10.09.06

We Pledge Allegiance to Bill Gates

Posted in FSEM100J, HartsPortfolio at 7:07 pm by hwwood

Now that we’re beginning to get into the specific ideas of globalization, I’ve started thinking about the big question that I want to write about. What’s important? What do we need to know? What’s worth thinking about? At first, I intended to discuss something very factual, real, researchable, etc. In a world where the foremost competition is for capital, not jobs, our government doesn’t seem to “get it.” They waste their time on mid-term elections and unimportant issues while both companies and investors are leaving for better opportunities overseas. What do American politicians need to do to encourage investors to come back, or at least keep the remaining ones, without restricting them? What happens to our own economy when investors are much more interested in China? If that’s our own fault, how can we fix it? This is all very interesting and important, but nothing new. Then I thought of something a little more interesting- more theoretical- to consider.

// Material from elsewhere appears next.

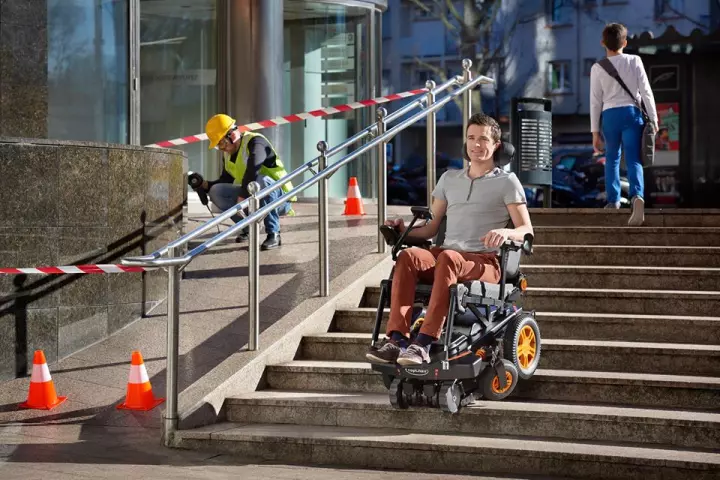 The TopChair-S keeps the occupant face-forward when ascending or descending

As globalization erases national boundaries and increases interaction and collaboration between people in different countries, all over the world, what is the end result? Multinational corporations hold more sway over the world than most governments. It seems that it’s businesses that run our own country. So tell me, how implausible really is the Sovereign State of Microsoft? Is it really that hard to see a world where land is just land, and people pledge their allegiance to a company rather than a border? Right now, yes, it is. It seems sick to us. How could a privatized world be held to any code of law or ethics? My main question is: is this even possible? If it is, could a government of a business administration fighting to protect their employees for the sake of morale and efficiency work just as well, if not better than a government run by taxes, protecting citizens by their birthright?

Of course, there are so many questions, and so many supposed flaws. What’s the universal standard? How is a crime of an employee of Company A against an employee of Company B handled? What about the unemployed? How do people begin new businesses? Law enforcement? Surely there has to be some sort of domestic control. People can’t live on the internet. Could a global, universally capitalist, stable, econocentric society ever possibly work? Rather than talk about what people already know, the answer to this question is what I hope to develop as best I can.

1 Comment »

  1. sehauser said,

    Wow this is a very interesting concept I had never considered this sort of abstract before. I feel like I could have read a book based on this; the whole idea of a future utopian or dystopian society based on corporations, it is really fascinating. I am interested in the idea and I really hope you do persue this research because it could really provide some great discussion.